Inasmuch as whereas the Tribunal had in paragraph 5.1 of its order mentioned the subject line as "Regarding exemption to the taxable service provided for distribution of electricity" the same actually should have read ""Seeks to exempt the taxable service provided in relation to transmission of electricity."

And, therefore, the Notification No 11/2010-ST dated 27.02.2010 deals with the exemption of the taxable service provided in relation to transmission of electricity and not regarding exemption to the taxable service provided for distribution of electricity as mentioned in Para 5.1 of the Tribunal's Order No A/87075/2018 dated 16.07.2018 - 2018-TIOL-3848-CESTAT-MUM.

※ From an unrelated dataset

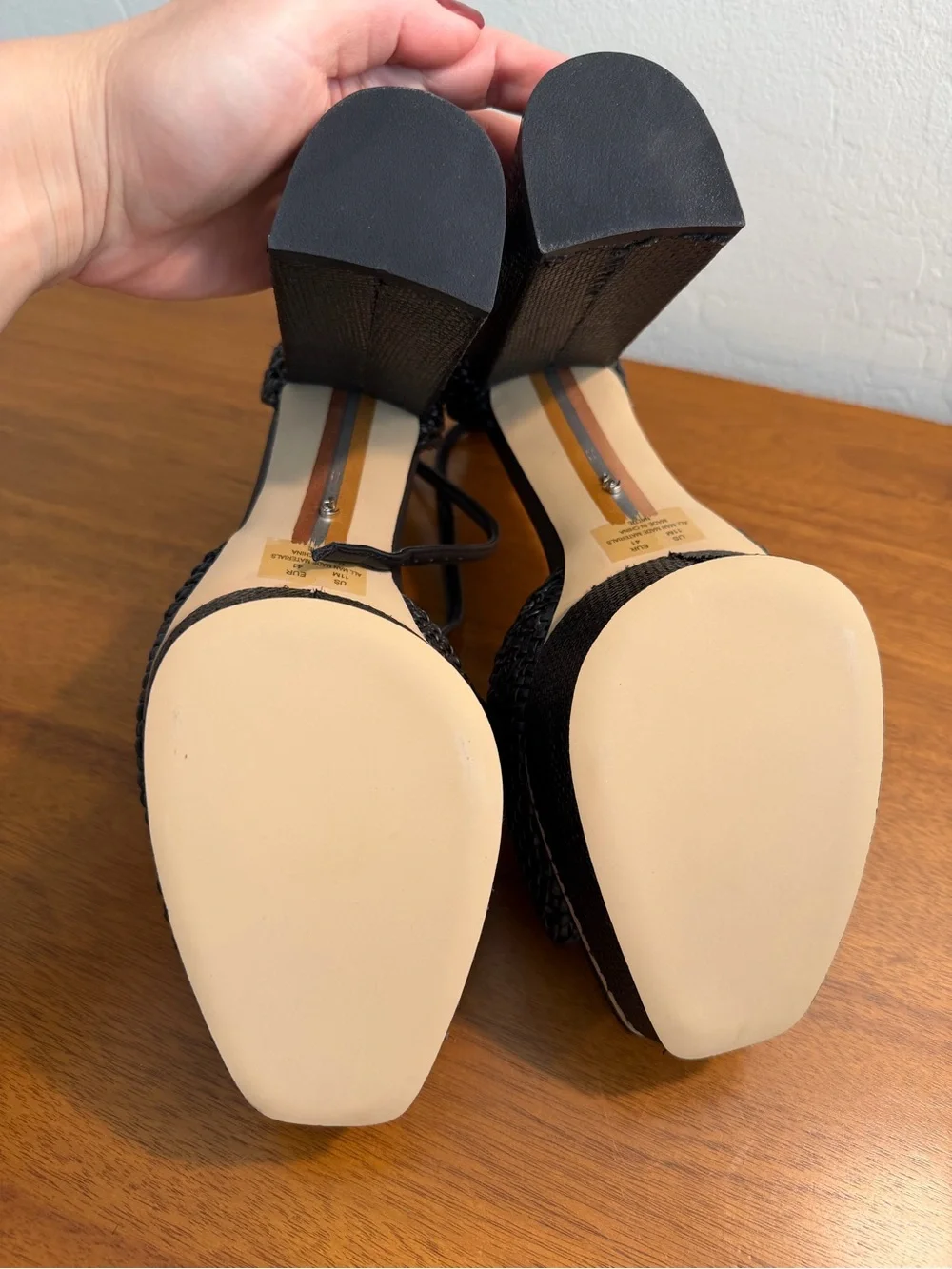 Sam Edelman Nattie Woven Black Platform Block Heel Sandals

That, therefore, the CESTAT on wrong footing relied upon Notification No 11/2010-ST and extended benefit of Notification No 11/2010-ST to the assessee which is in r/o services in relation to transmission of electricity to the assessee, when the assessee in question have provided services to M/s MSEDCL, a electricity distribution company.

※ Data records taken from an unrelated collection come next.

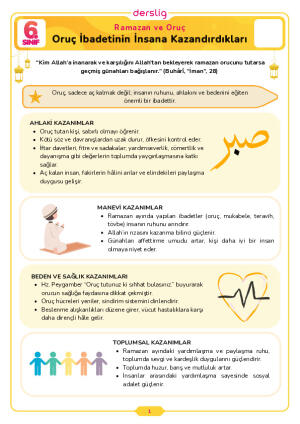 6.Sınıf 2.Tema 3.Konu (Oruç İbadetinin İnsana Kazandırdıkları) Çalışma Kağıdı Cevap Anahtarı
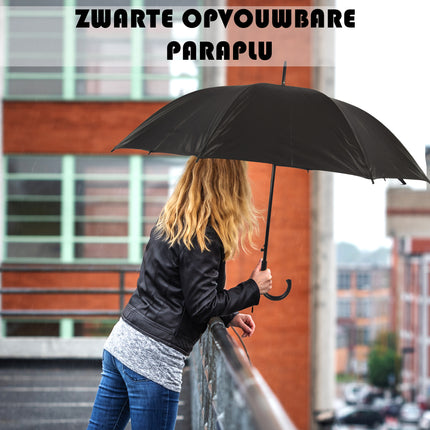 12x Paraplu's in Zwart - Polyester en Aluminium - Lengte 93cm - Diameter. 115cm - Automatische Paraplu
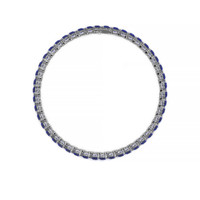 6.10 Ct.Tw. Blue Sapphire Tennis/Line Bracelet, 14K White Gold Image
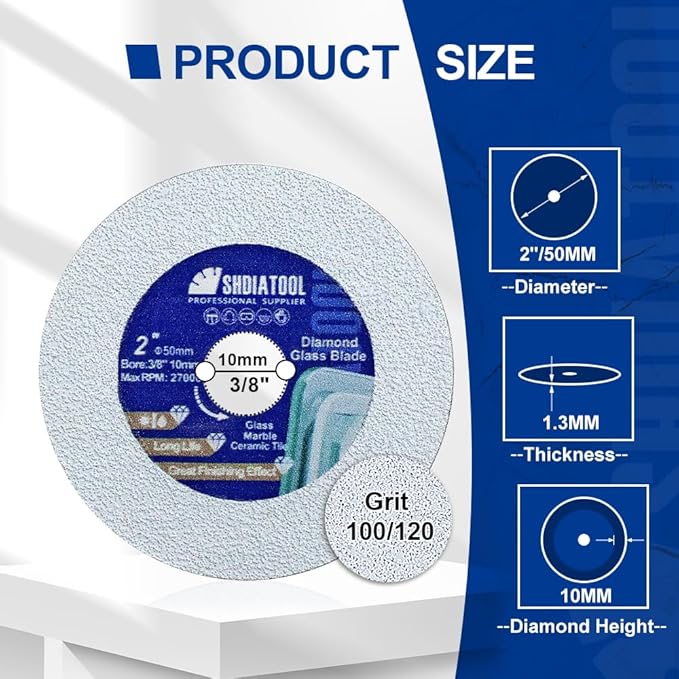SHDIATOOL Glass Diamond Cutting Disc 2-Inch Saw Blade, Ultra-Thin Cut Off Wheel for Tile Ceramic Porcelain Marble 50mm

And this is the mistake that the Revenue pleads the CESTAT should correct.

The AR further submitted that in para 8 (of the CESTAT order), the reference made to decision of CESTAT in case of M/s Kedar Construction - 2014-TIOL-2138-CESTAT-MUM, is incorrect as the para 6 of the judgment reproduced in the para below does not figure in the said decision and, therefore, the order should be recalled.

Incidentally, none represented the respondent assessee.

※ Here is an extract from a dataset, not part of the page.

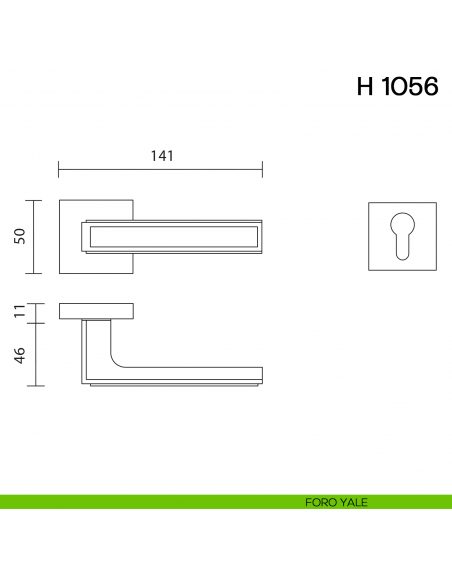 Maniglia per porta H 1056 Valli collezione Lab foro yale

The Bench considered the submissions made in the application and those made during the course of arguments and observed thus -

++ The text of notification as 11/2010-ST as available on the website of Central Board of Indirect Tax (Formerly Central Board of Excise and Customs) and also on the website indiabudget.gov.in, do not contain any subject.

++ The subjects indicated have come from the various private publication.

++ However for the purpose of consideration of the exemption contained in the notification the text of Notification is considered and for that reason we do not find any error apparent on record on this account in the order.

++ However the subject  "Regarding exemption to the taxable service provided for distribution of electricity." mentioned in the para 5.1 of the order after  "NTF. NO. 11/2010-ST, DT. 27/02/2010"  is deleted to align the notification as reproduced in the order with the notification as it is available on the above mentioned official websites.

++ We also agree with the submissions made by the Authorized Representative with regards to the wrong reference to decision of tribunal in case of Kedar Constructions in para 8.0. The para 6.0 quoted in the said para is from the order of tribunal in case of  "Commissioner of Central Excise Kolhapur vs G B Desai & Saurabh Construction - 2018-TIOL-1656-CESTAT-MUM".  We accordingly amend the said reference to the case of M/s Kedar Constructions in para 8, with this citation.

Concluding that the Bench does not find any reason for recall of the order on the said count, the ROM application was disposed of in the manner aforesaid.